For the next few days we explored the bay of Kotor. Its dramatic surrounding black mountains truly are remarkable. We headed north past two islands with churches on them and anchored in a bay at the mouth of a small river. Ashore we found an old mill building which still uses the power of the river water to turn the olive press wheel.

Next day, we motored past the church islands to get a better view and headed further into the bay down to the town of Kotor. We were able to anchor off in the bay well out of the way of the three visiting cruise ships.

Here there is a walled town rather like a mini Dubrovnik. We enjoyed an evening stroll around the town but were determined to come back early in the morning so that we could walk around in complete peace before the cruise ship passengers were disgorged.

Fresh mussels

On our return we found a fantastic market and met some guys who had just come back from harvesting mussels. We bought a kilo of mussels for tea for an astronomical 3 Euros.

After a couple of days here we moved back to Tivat because we had arranged to hire a car to explore further inland.

We had a good walk along the impressive promenade at Tivat, past the pristine superyacht harbour with its designer shops and along to the Maritime Museum. Here we happened upon a tour which was about to start around a Yugoslavian submarine. What an interesting half hour. The guide explained all about the submarine in impecable English and Italian. I even got to look in the periscope!

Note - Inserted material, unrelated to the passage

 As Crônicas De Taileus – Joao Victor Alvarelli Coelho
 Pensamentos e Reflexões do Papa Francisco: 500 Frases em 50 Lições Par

We met Bojan the car hire guy and picked up the car. First job was to get the gas bottle refilled which we did at an INA gas station close to the boat yard. We were then able to re-stock the larder at a huge supermarket. Jobs done we headed back to the boat.

We were up early next day and drove from Tivat to Budva on the south coast of Montenegro. Although the touristy Stari Grad old town was quite quaint the rest of Budva held little or no appeal for either of us and we couldn’t wait to leave. We drove up to Cetingje which is the former capital of Montenegro and is at a higher elevation and delightfully cool. The streets are largely pedestrianised and the buildings painted in various pastel shades. Its streets are lined with trees and there are many parks. The old embassy buildings are still there and fairly well preserved, housing a variety of museums. We enjoyed wandering round there for a couple of hours. It was very charming.

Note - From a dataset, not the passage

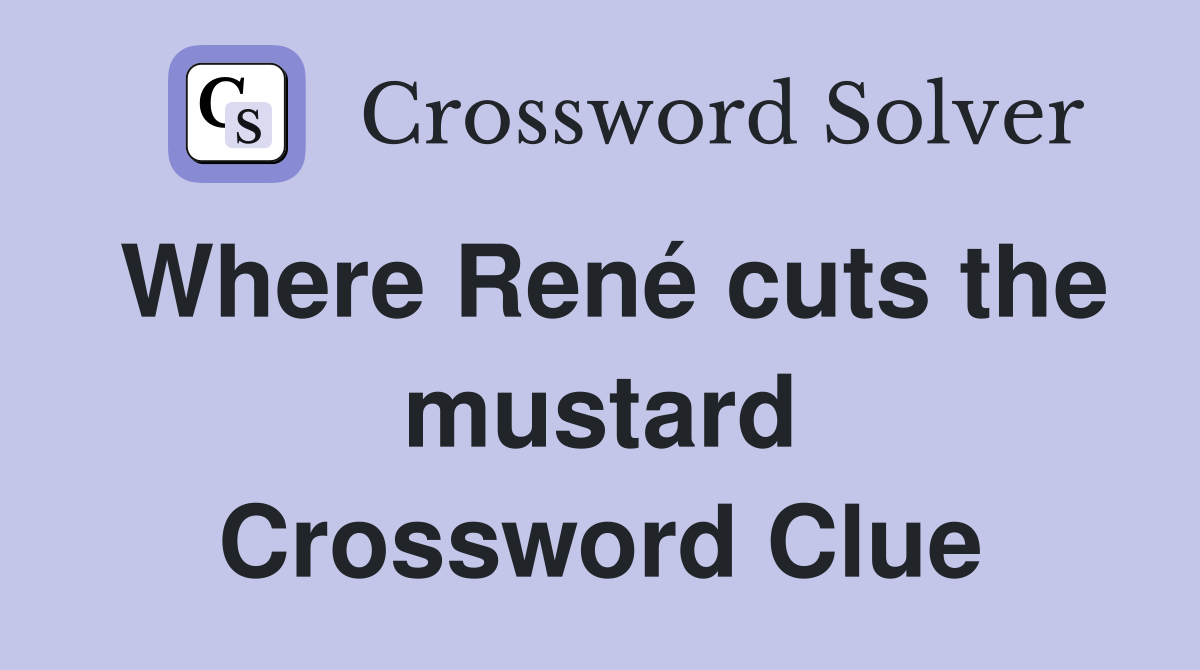Where René cuts the mustard Crossword Clue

Next stop was the Lovcen National Park. The road continued to rise up the mountain side and the vegetation became increasingly sparse. There were pine trees and more rocky terrain. Such buildings as there were had a distinctly alpine look. Round the next bend we spotted a T bar and fields which are clearly pistes in winter.

Ski bum!

We jumped out at the Visitor Welcome Centre but were rather underwhelmed at the total lack of interest in us or lack of any information about walking trails and so on. We accidentally came across a ‘Bare Foot Trail’.

Ah, we thought, this is more like it.. However, on closer inspection it was totally ruined and neglected. Such a pity because there was massive potential for any number of activities in this huge and beautiful park.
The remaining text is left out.